Fast forward to middle school when I became best friends with his twin sister, Sheila. We'd be super annoying and make him pop popcorn for us or heat up the hot tub while we gossiped and ate Ben and Jerry's ice cream. It's a wonder he ever married me after that!

We were friends throughout high school and college as I was still best friends with Sheila. It wasn't until 2004 when we were all out to dinner celebrating their 22nd birthday that we had our "first date". After dinner we all went our separate ways, but he called me and asked if I wanted to grab a drink. We had fun, talking and reminiscing and it still bugs him that I paid. It was his birthday and they were $2 Coronas, come on! We dated casually that spring and summer but since I spent the summer in Prescott we didn't see too much of each other. That fall, we were "official" and spent our senior year of college attending date parties, football games and having a grand old time.

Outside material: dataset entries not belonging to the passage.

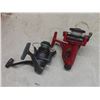 Image 15 : Fishing Tackle: Line, Lures, Pickerel Rigs, 2 Reels, Hooks, Rod and Reel and 2 Metal Signs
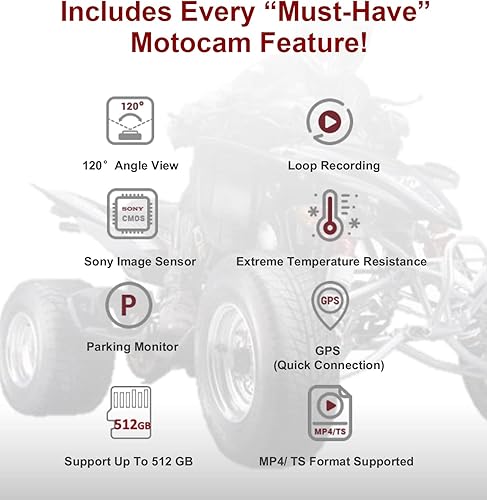 Miniatura 8 de INNOVV Motocam K5 de doble canal con resolución 4K Ultra HD, WiFi, GPS, modo de estacionamiento y resistencia al agua IP67 (tarjeta microSD no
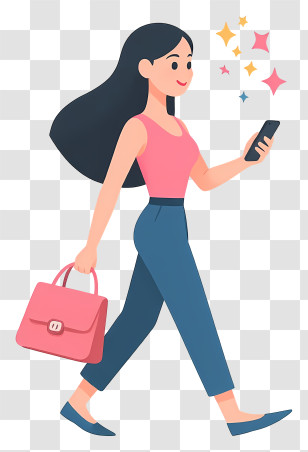 Cartoon Woman Holding Shopping Bags - Woman With Phone And Bag Transparent PNG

Dan graduated in December but I was still in school and very involved in my sorority. He was trying to get a job with an airline and I was busy with Theta. We did not have the time for our relationship at that point so we very amicably went our separate ways. I lived with Sheila and her husband for the summer after I graduated so Dan and I hung out quite a bit. By that fall, we decided to give it another try. Best decision!

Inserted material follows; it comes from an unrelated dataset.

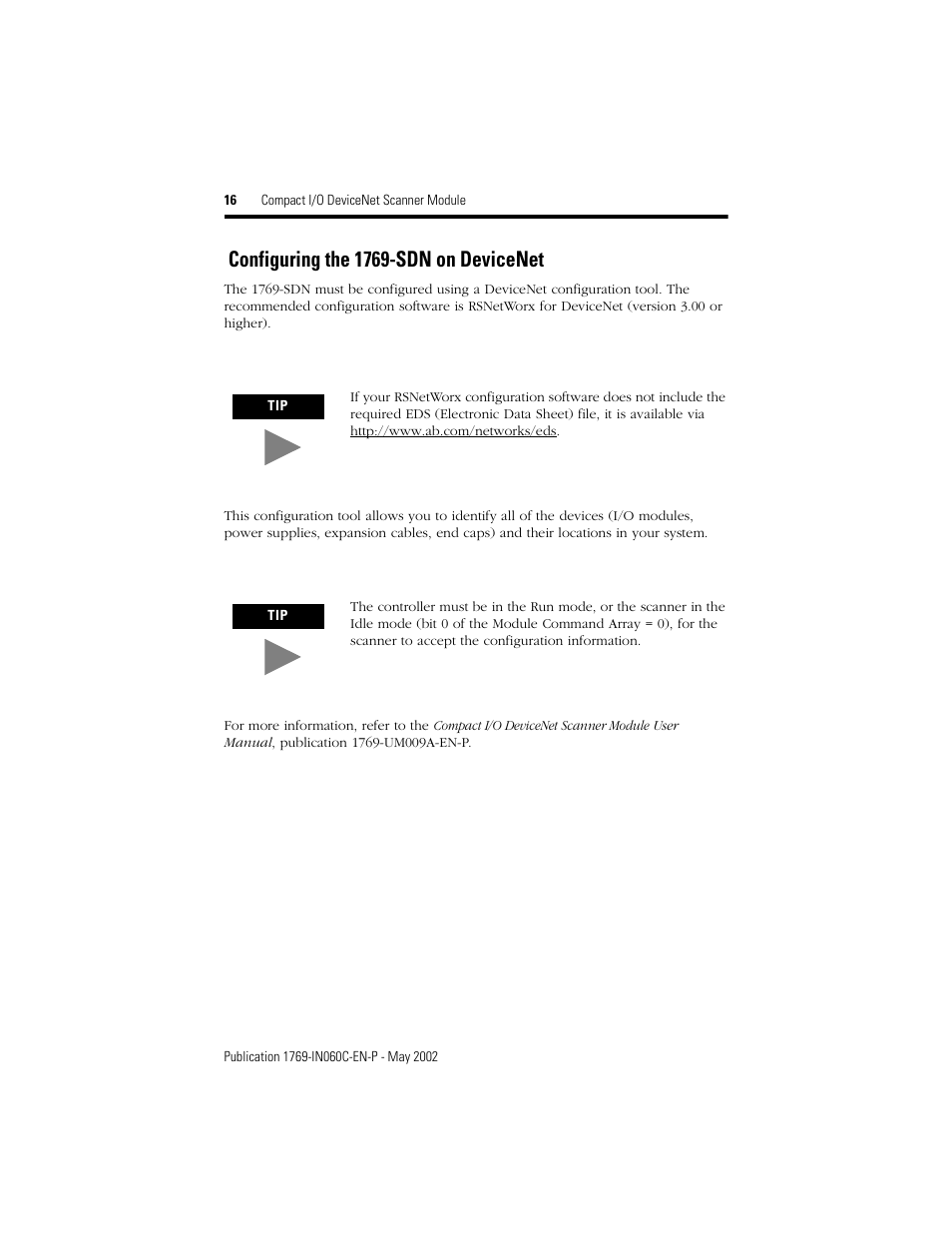 Configuring the 1769-sdn on devicenet | Rockwell Automation 1769-SDN Compact I/O DeviceNet Scanner Module Installation Instructions User Manual | Page 16 / 24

Christmas 2008 he proposed and 9 months later we were married :) Now here we are, almost 9 years later with the most perfect babies a family could ask for!

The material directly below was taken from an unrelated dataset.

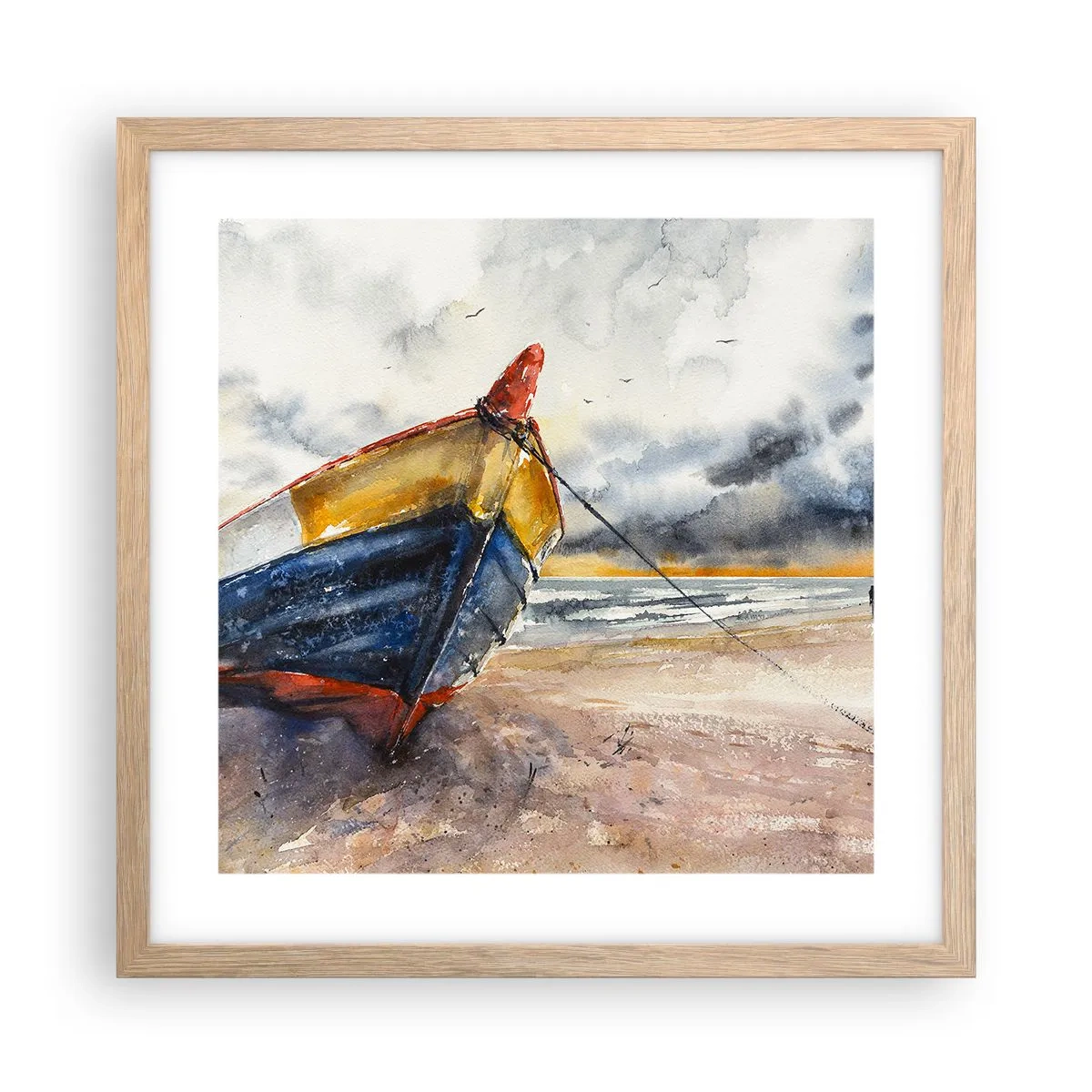 Plakat i ramme af lyst egetræ - Hvile på stranden - 40x40 cm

It wasn't always easy, with his career he's gone a lot so I've had to be pretty independent. Even more so now that we have babies. We struggled through infertility but in the end, wound up closer than ever because we had each other to turn to. My difficult pregnancy and delivery brought out a side of Dan I never knew existed. He cleaned, cooked (or bought and cut up fruit) and took care of everything while I was sick and immobile. Once the twins were born, he was super dad. Running milliliters of breast milk down to the NICU in the middle of the night so the boys could have anything I pumped. He took over feedings so I could get sleep when I was sick with mastitis and took off extra time from work until we had a good system going with the boys.

Now that he is working out of Philadelphia, he has to commute back and forth across the country every 6 days. Just this week, he made a 2 leg 8 hour commute home, just to be with us from Tuesday evening to Wednesday morning. I came home from work yesterday to a clean house, folded laundry, bottles prepped for day care AND chocolate cupcakes (from the store of course). Husband of the year!

Now it's not sunshine and roses all the time; he leaves loose change everywhere, only puts away his laundry because after all this time he can't figure out where my stuff goes, and vacuums around things instead of picking them up but bottom line....I married a good man.